If you asked him, Edward Chancellor wouldn’t say he’s particularly Austrian.
Yet The Price of Time: The Real Story of Interest, the dense book he most timely published during the height of the inflation summer of 2022, is as obsessed with centrally planned interest rates as your average Misesian. Like many before him, and many in the Austrian camp, Chancellor identifies the many ills that trouble the world and locates their cause in a dysfunctional interest-rate regime.
In Chancellor’s own words, “The most important question addressed in this book is whether a capitalist economy can function properly without market-determined interest.” Most readers of these pages will automatically respond, no—free-market capitalism rests on an uninhibited market for capital and debt, and thus interest rates act as a rationing mechanism and guiding principle. The rest is just implementation, as Michael Malice might say.
A skilled journalist and trained historian, Chancellor’s writing is calm and balanced, nuanced and well thought through. It’s littered with citations and quotes from economists and commentators both past and present.
That’s also part of why making it through the three-hundred-plus carefully written pages of The Price of Time is such a hardship. It’s fascinating and engaging but dense and ultimately a bit confusing. The author gives no clues for where we’re going, over and above the early hint that low interest rates have all sorts of bad downstream effects on an economy and its financials. The signposts are missing. Another piece of annoyance is the frequent antimarket talking points he returns to—monopoly power, corporations centralizing through acquisition and control, debt-issuing and share buybacks to boost financial returns, inequality, and wealth concentration.
The saving grace is they all fit into a low-rates story. Much like James Grant, of Grant’s Interest Rate Observer, remarks, “A little-known fact about unicorns . . . is that they feed on interest rates. They like low, little rates—the tinier, the better.” The same goes for the conglomerate empire-building, leveraged buyouts, takeovers paid for with shares, or even the explosion of ultra-high-net-worth individuals. It wasn’t a flaw in the capitalist system that generated these perverse outcomes, but the Fed-manipulated, centrally planned rates and its money printing.
He traces the long history of interest back to Mesopotamia, but it’s in his treatment of the last few centuries that the book really shines. He identifies John Locke as “the first writer to consider at length the potential damage produced by taking interest rates below their natural level.” He continues,
In the wake of the global financial crisis of 2008, central bankers slashed interest rates, hoping to revive economies by easing the burden of debt and boosting asset values. Their aims were remarkably similar to those espoused by the seventeenth-century advocates of easy money.

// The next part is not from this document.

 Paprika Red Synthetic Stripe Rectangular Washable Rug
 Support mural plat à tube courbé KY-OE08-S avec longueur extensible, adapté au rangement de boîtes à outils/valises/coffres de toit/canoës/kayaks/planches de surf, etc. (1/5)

Locke had already spelled out the consequences for them: “Paper wealth has multiplied while genuine wealth has stagnated.” At the bottom of all bubbles, continues Chancellor, lies “a disconnect between finance and the real world.” Low interest rates turn otherwise careful and diligent investors into financial engineers and imbue venture capitalists with a “spray-and-pray” mentality, like macro analyst Andreas Steno says in a piece I keep coming back to over and over, “Three Reasons Why Everyone, Zuckerberg, Me, and Their Dogs Turn into Idiots When Rates Are 0 Percent.”
“Easy money,” concludes Chancellor, “was dumb money.” Cue WeWork and fake meat companies, GameStop and zombie companies, the mania around environmental, social, and governance, and the FTX collapse.
He quotes Murray Rothbard and Ludwig von Mises with as much ease and approval as he does Jeremy Bentham or Daniel Defoe, and he digs up some remarkably Austrian commentary from the past. A nineteenth-century British banker, after one of England’s infamous midcentury panics, remarks, “As a rule, panics do not destroy capital; they merely reveal the extent to which it has previously been destroyed by its betrayal into hopelessly unproductive works.”
“The book inclines quite strongly toward the Austrian interpretations,” Chancellor confessed in an interview with Jeff Deist last year. Maybe that’s why so many establishment outlets didn’t touch it. Sane economic reasoning is apparently right-wing extremism. (And The New York Timesbestseller list is editorial content anyway, so go figure.)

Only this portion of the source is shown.